ГЛАВА СЕДЬМАЯ. Что в Советском Союзе означает освобождение
Освобождение из заключения должно для заключённого означать радость, свободу, возвращение домой. Тот, кто никогда не жил в Советском Союзе, даже не может себе представить, как недосягаемы здесь для освободившегося счастье и свобода. В других странах для отбывших заключение существуют специальные организации, которые на первых порах оказывают им помощь. В Советском Союзе не так. Там после освобождения начинается суровая бесконечная борьба за существование.
Во-первых, освободившийся из заключения не имеет права жить во многих городах. В документах, которые мне выдали в Воркуте, было написано, что я вышла из заключения. Кроме того, там было несколько тайных пометок, знакомых каждому милиционеру. Мне было запрещено жить в тридцати девяти городах, в том числе в Москве, Ленинграде, Киеве. Самое же неприятное, что люди обычно стараются избегать бывших политических заключённых, боятся их как чумы, лишь бы самим не попасть под подозрение. Родственники и друзья часто не осмеливались помогать вернувшемуся из лагеря, не пускали даже переночевать.

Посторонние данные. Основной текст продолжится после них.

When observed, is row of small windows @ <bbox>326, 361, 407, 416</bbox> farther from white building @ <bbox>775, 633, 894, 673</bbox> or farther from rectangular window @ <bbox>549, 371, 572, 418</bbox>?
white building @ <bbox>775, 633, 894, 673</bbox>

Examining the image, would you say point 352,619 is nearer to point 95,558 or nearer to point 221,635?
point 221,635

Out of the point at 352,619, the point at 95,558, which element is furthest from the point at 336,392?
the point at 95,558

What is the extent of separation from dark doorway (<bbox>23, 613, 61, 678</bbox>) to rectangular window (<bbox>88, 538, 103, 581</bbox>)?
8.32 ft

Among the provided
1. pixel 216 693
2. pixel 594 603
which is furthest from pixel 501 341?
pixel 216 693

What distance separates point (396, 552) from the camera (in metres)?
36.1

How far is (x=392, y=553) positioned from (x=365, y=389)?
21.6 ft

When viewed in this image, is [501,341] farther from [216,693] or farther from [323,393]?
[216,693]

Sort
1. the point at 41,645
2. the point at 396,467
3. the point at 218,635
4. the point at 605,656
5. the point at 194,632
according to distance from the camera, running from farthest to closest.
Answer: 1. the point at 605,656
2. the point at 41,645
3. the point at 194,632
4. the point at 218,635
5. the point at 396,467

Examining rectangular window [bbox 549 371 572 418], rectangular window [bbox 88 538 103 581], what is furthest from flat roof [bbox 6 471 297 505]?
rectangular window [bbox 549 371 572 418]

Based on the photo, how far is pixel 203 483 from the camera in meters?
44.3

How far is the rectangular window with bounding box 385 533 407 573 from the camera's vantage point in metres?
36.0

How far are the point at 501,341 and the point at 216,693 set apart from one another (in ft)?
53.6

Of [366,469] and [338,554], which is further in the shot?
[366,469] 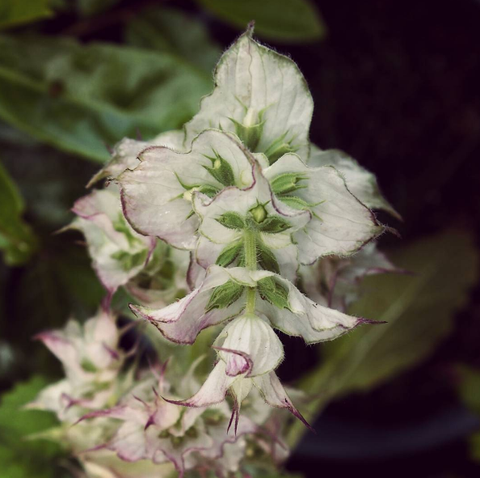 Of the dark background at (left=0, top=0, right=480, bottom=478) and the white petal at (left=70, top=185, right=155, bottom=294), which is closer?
the white petal at (left=70, top=185, right=155, bottom=294)

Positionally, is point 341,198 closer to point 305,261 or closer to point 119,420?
point 305,261

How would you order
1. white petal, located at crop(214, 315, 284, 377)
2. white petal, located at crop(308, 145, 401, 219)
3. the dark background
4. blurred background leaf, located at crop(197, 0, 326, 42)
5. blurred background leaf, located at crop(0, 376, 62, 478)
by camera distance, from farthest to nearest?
the dark background, blurred background leaf, located at crop(197, 0, 326, 42), blurred background leaf, located at crop(0, 376, 62, 478), white petal, located at crop(308, 145, 401, 219), white petal, located at crop(214, 315, 284, 377)

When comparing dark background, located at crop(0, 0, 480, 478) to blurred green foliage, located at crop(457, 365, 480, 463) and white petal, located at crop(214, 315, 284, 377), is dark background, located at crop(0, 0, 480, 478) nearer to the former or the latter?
blurred green foliage, located at crop(457, 365, 480, 463)

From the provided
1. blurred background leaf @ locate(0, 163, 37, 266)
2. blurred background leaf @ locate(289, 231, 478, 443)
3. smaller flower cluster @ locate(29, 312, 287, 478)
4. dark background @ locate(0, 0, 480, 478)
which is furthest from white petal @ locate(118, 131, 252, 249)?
blurred background leaf @ locate(289, 231, 478, 443)

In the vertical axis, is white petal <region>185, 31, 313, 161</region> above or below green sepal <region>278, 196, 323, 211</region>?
above

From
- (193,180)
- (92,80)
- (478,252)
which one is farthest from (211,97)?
(478,252)

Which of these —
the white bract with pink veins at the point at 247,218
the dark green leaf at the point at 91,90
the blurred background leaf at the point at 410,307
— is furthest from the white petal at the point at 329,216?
the blurred background leaf at the point at 410,307

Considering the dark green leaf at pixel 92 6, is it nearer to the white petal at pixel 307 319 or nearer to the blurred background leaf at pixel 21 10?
the blurred background leaf at pixel 21 10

Правда, были и такие, кто к освободившимся относился особенно дружелюбно и оказывал им всяческую помощь.
Если бы я вернулась к мужу, мне бы, конечно, разрешили жить под его покровительством в Москве. Но я чувствовала себя оскорблённой и возвращаться к нему не собиралась. Оскорблённое самолюбие заставило меня начать новую жизнь вдалеке от него и без его помощи. Мне нужны были работа и жильё. Приехав в Москву, я сразу пошла к моей бывшей домработнице Александре Сельдяковой, которой написала о своём освобождении ещё из Воркуты. Они с мужем жили в уютной, чистой квартире. Приняли они меня сердечно, на первое время оставили у себя. Последний раз, уезжая в Японию, я оставила Александре на хранение кое-какие свои вещи. Она все сохранила.
Но покоем я наслаждалась всего несколько недель. Потом меня задержала милиция — у меня не было московской прописки. Арест, к счастью, продолжался всего одну ночь, но мне было приказано срочно выехать из города. Куда было деваться? Некоторые из моих влиятельных друзей пытались прописать меня в Москве, а верная Александра нашла для меня у своих друзей в другом районе города комнату. Но я боялась там долго находиться и переехала в Ростов, километров за двести от Москвы, там меня приютили друзья той же Александры. Но и в Ростове нужна была прописка, а прописаться я могла, лишь найдя работу. Поиски были безрезультатны. Пришлось вернуться в Москву, к Александре. И снова меня арестовали и посадили в КПЗ. Кроме меня там находился какой-то грабитель. Я ему рассказала, что единственное моё преступление состоит в том, что я жила в Москве без прописки, он мне очень сочувствовал.